Da non sottovalutare però l’apprezzamento per la proposta di Juncker da parte della allora ministra tedesca della difesa, Ursula van der Leyen che ha subito dichiarato che “questa integrazione degli eserciti, con la prospettiva di avere un giorno un esercito europeo è il mio modo di vedere il futuro”. Prudente ma aperta all’ipotesi Angela Merkel che ha fatto sapere di condividere il progetto senza tuttavia indicare un calendario per la sua realizzazione e assicurando che una tale forza sarebbe inserita nella NATO.

A questo punto c’è chi si chiede se assisteremo a un ritorno della Germania sulla scena militare europea. Perché no, se progredisse il suo ruolo in materia di politica estera, dove Angel Merkel si sta esponendo nonostante la sua opinione pubblica sia molto riservata su questo ruolo. Un po’ per non assumerne i costi e per un orientamento largamente pacifista dei cittadini tedeschi: la Germania si è chiamata fuori dalla coalizione Bush-Blair-Berlusconi-Aznar in Iraq ed è stata molto prudente nelle vicende della Libia.

E tuttavia la Germania prolunga nell’UE la sua leadership finanziaria ed economica con quella politica, cominciando con quella estera senza escludere un ruolo militare oggi prematuro.
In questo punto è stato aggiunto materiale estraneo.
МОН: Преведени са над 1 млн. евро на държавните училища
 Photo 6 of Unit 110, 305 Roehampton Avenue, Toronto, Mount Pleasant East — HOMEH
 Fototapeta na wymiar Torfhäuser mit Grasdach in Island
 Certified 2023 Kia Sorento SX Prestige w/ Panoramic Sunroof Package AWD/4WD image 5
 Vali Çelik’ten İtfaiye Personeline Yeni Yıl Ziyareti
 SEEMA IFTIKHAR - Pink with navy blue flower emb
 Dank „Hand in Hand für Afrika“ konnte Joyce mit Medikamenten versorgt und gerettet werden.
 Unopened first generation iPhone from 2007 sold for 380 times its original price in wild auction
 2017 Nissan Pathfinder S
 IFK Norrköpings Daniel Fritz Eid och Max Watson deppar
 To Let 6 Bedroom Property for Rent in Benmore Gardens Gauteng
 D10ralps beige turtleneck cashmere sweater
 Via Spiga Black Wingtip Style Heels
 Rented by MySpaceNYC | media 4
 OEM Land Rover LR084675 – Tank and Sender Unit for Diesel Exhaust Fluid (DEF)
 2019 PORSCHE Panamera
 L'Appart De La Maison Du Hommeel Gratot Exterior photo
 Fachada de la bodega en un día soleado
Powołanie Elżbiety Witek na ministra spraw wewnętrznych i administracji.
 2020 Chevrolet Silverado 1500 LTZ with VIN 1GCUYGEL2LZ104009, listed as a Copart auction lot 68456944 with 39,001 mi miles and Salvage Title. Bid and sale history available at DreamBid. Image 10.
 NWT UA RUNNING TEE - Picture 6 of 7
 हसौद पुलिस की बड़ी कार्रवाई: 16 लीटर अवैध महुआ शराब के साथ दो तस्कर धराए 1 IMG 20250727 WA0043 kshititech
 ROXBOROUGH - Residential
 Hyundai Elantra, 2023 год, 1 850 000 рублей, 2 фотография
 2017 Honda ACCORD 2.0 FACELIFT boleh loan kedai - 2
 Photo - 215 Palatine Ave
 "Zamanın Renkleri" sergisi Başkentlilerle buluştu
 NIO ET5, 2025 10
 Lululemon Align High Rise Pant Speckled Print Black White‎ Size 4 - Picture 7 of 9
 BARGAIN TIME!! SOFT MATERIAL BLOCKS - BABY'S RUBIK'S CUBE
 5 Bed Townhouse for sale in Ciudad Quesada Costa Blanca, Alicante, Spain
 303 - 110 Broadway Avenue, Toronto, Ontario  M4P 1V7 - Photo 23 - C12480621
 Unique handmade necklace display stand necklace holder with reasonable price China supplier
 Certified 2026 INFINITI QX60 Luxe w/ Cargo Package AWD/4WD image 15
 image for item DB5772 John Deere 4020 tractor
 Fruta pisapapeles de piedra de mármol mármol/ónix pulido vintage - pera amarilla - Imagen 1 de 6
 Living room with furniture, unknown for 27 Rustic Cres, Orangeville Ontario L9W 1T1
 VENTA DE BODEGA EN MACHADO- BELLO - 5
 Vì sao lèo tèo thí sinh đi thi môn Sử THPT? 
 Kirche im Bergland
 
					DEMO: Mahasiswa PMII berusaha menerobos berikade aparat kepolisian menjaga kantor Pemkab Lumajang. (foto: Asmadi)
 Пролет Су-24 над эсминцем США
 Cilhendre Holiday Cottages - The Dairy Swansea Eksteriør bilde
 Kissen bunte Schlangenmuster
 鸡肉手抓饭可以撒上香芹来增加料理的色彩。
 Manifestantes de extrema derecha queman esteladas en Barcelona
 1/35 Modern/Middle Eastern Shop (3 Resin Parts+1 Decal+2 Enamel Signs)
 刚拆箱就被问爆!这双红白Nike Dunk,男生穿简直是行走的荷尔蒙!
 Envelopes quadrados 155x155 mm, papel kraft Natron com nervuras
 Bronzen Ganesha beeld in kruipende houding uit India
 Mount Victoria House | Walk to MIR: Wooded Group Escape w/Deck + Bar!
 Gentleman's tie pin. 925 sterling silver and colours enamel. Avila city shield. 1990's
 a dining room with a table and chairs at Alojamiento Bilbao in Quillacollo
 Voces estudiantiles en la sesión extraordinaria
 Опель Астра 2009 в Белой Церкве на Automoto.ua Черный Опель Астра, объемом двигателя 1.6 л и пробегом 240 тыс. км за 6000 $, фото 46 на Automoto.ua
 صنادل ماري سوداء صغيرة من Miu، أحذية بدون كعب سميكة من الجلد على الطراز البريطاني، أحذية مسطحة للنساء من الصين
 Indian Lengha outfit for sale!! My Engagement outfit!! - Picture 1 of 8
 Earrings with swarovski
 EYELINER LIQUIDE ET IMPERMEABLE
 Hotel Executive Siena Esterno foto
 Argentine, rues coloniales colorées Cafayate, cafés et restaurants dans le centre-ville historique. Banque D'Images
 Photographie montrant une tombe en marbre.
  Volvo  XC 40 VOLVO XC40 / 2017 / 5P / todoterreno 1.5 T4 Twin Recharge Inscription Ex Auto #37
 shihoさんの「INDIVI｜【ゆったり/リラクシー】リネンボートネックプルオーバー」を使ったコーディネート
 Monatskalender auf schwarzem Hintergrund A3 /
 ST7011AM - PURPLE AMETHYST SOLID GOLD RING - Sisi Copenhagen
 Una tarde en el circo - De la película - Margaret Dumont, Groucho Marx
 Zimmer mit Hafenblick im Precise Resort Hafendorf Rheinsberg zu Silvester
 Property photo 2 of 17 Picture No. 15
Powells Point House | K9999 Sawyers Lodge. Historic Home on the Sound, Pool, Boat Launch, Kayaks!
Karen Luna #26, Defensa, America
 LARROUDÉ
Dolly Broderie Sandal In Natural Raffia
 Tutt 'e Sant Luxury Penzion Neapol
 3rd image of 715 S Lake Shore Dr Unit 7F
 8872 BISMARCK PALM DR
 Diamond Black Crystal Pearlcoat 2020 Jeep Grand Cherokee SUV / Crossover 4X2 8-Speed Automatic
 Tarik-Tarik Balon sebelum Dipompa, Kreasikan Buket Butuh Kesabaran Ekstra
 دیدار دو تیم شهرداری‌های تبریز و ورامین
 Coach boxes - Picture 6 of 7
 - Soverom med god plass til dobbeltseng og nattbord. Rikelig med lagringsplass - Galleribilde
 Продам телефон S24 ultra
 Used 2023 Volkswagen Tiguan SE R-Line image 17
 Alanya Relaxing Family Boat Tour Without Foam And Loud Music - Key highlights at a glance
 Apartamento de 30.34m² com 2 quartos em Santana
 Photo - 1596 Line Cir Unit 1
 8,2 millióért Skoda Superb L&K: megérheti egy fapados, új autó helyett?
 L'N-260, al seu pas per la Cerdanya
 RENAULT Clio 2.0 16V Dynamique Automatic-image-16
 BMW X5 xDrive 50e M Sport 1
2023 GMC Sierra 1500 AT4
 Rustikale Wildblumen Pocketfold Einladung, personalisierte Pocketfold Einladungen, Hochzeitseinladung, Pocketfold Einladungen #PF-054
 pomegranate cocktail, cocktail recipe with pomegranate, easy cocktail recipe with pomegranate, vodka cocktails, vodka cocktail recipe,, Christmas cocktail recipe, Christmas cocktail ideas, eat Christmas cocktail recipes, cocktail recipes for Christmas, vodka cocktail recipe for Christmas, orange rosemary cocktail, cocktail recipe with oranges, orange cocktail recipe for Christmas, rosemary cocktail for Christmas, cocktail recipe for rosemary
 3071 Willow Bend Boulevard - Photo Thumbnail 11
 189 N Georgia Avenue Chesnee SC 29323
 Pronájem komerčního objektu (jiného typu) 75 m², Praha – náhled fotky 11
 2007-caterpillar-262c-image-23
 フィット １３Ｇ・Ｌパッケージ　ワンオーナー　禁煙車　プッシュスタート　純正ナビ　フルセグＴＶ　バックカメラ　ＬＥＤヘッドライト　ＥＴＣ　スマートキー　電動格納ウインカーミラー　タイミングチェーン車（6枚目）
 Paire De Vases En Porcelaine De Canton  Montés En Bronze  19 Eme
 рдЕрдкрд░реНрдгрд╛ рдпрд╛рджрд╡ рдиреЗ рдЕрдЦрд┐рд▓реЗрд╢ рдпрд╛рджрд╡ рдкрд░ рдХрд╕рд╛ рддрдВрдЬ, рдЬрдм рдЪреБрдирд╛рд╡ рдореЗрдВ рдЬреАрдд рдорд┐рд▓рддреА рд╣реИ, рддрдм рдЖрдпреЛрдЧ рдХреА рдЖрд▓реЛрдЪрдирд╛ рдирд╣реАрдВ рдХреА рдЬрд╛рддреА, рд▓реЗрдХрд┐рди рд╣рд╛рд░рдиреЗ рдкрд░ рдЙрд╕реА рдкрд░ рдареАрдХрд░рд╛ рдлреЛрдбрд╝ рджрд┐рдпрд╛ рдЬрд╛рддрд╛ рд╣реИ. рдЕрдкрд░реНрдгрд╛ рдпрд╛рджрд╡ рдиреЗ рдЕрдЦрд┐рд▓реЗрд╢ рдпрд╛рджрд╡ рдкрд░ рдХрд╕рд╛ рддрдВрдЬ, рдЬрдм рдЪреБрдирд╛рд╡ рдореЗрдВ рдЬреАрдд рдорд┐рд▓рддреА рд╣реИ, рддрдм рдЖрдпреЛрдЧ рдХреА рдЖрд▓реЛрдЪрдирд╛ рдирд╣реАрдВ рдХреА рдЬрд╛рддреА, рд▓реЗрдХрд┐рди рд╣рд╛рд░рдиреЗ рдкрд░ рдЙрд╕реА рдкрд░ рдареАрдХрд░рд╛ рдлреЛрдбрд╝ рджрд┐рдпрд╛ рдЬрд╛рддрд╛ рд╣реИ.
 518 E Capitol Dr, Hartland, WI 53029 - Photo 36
La Russia è più vicina ai suoi confini di quanto lo siano gli USA e nel 2015 ha aumentato le spese per la difesa di circa il 2%

Intanto in attesa che la proposta faccia la sua strada, l’UE ha mobilitato risorse per la ricerca sulla sicurezza e lanciato iniziative comuni per i droni, gli aerei per rifornimento, satelliti e tecnologie di cyberdifesa.

Il tema di una difesa comune europea non ha mai smesso di essere all’attenzione dell’UE, ma non è nemmeno riuscito ad approdare a risultati significativi.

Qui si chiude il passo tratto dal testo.